Getting a consensus to achieve global cooperation on any issue is challenging. It took several decades for the United Nations(UN) to get its members to adopt the 17 sustainable development goals(SDGs) in 2015. The process started years earlier with the Earth Summit in 1992 in Rio de Janeiro where 178 members agreed to an action plan to protect human lives and protect the planet. Eight years later, in September 2000, the UN adopted the Millenium Development Goals with the explicit goal to reduce extreme poverty by 2015.

Fifteen years later, in September 2015, the UN 2030 Agenda for sustainable development was adopted by the UN General Assembly. A few months earlier in July 2015, the Addis Ababa Action Agenda was formally launched by the UN. The plan stressed the importance of long-term investment and the need to align all financing with sustainable development.

No sense of urgency

During the 2008 financial crisis, almost 426 billion dollars were mobilised within two years to ‘save’ the US financial system. There is no sense of urgency to mobilise funds to implement the UN sustainable development goals. Yet the investments required are huge.

Recent OECD estimates indicate that around USD 6.9 trillion of infrastructure investment is needed each year to 2030 to meet the sustainable development goals and meet the goals of the Paris Agreement. The current annual spending on infrastructure is between USD 3.4–4.4 trillion, depending on the measurement metrics used. An investment gap of between 2.5 to 3.5 trillion dollars per year exists today.

There is clearly a large and significant investment gap to reach society’s desired sustainable development goals. The availability of capital does not seem to be the problem. According to the Financial Stability Board, global total financial assets stood at 382 trillion dollars as of 2017. Pension funds and insurance corporations’ assets were close to 65 trillion dollars. The core challenge is to incentivise the flow of a bigger share of this capital towards sustainable investments. To do this, strong leadership is a must.

EU leads the way

To address some of these issues, the European Union High-Level Expert Group on Sustainable Finance produced a set of recommendations to accelerate the flow of capital towards sustainable development objectives. The European Commission(EC) adopted an action plan on sustainable finance in March 2018. Among the various actions, the Commission highlighted the limitations of existing sustainability benchmarks. Accordingly, it proposed an initiative to create a designated category of benchmarks comprising low-carbon issuers.

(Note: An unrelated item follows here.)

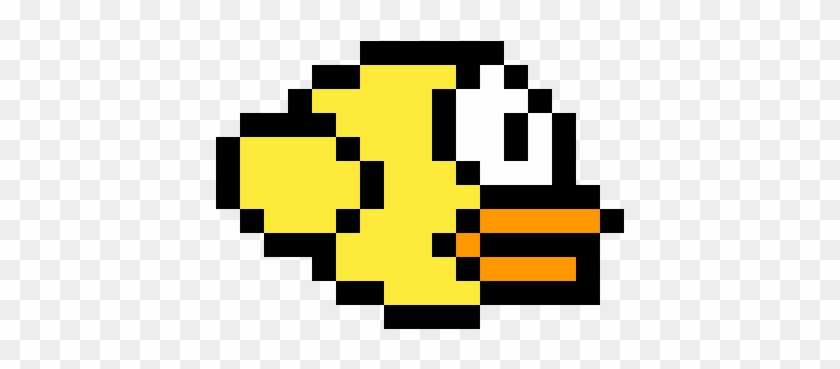 Flappy Bird - Flappy Bird Gif Clipart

To prepare for the creation of these benchmarks, the European Commission had to clarify what exactly constitutes sustainable investments. In June 2019, the European Commission produced a taxonomy of sustainable investments. According to the European Union, the Taxonomy is an implementation tool that can enable capital markets to identify and respond to investment opportunities that contribute to environmental policy objectives. In October 2019, the European Union launched the International Platform on Sustainable Finance(IPSF) to strengthen international cooperation and scale up mobilisation of capital towards environmentally sustainable investments.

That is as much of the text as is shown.